Return precisely the opening lines of the listing below, ending with the line that contains "Vintage Rug Navy".

DATASET CONTENT:
· · ·
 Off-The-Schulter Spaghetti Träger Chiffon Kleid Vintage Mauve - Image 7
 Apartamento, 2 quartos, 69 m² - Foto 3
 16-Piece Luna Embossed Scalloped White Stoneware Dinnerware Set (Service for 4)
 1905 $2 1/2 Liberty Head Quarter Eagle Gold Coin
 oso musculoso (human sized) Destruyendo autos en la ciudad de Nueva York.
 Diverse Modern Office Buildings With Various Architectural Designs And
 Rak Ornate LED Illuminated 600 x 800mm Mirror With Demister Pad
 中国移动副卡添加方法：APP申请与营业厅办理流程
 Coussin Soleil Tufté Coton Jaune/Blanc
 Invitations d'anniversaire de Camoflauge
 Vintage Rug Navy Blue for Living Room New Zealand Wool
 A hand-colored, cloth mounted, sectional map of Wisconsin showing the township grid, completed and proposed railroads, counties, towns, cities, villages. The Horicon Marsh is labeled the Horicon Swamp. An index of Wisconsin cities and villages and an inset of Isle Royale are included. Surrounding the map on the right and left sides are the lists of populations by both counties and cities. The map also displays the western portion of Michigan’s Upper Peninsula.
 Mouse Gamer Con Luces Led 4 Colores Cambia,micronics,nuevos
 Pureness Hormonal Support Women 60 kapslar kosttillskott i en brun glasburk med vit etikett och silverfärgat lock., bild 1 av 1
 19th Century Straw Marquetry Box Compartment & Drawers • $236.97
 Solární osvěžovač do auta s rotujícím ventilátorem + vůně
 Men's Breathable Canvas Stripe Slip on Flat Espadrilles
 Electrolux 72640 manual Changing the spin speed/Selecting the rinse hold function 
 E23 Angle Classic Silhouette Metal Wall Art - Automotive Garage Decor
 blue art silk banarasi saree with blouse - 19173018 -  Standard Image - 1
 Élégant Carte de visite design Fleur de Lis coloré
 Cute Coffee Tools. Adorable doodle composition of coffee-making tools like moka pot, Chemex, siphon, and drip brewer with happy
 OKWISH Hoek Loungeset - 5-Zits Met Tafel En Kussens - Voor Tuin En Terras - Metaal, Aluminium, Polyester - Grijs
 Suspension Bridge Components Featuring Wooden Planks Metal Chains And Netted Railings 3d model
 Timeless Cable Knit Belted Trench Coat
· · ·
RESPONSE TO THIS EXERCISE:
 Off-The-Schulter Spaghetti Träger Chiffon Kleid Vintage Mauve - Image 7
 Apartamento, 2 quartos, 69 m² - Foto 3
 16-Piece Luna Embossed Scalloped White Stoneware Dinnerware Set (Service for 4)
 1905 $2 1/2 Liberty Head Quarter Eagle Gold Coin
 oso musculoso (human sized) Destruyendo autos en la ciudad de Nueva York.
 Diverse Modern Office Buildings With Various Architectural Designs And
 Rak Ornate LED Illuminated 600 x 800mm Mirror With Demister Pad
 中国移动副卡添加方法：APP申请与营业厅办理流程
 Coussin Soleil Tufté Coton Jaune/Blanc
 Invitations d'anniversaire de Camoflauge
 Vintage Rug Navy Blue for Living Room New Zealand Wool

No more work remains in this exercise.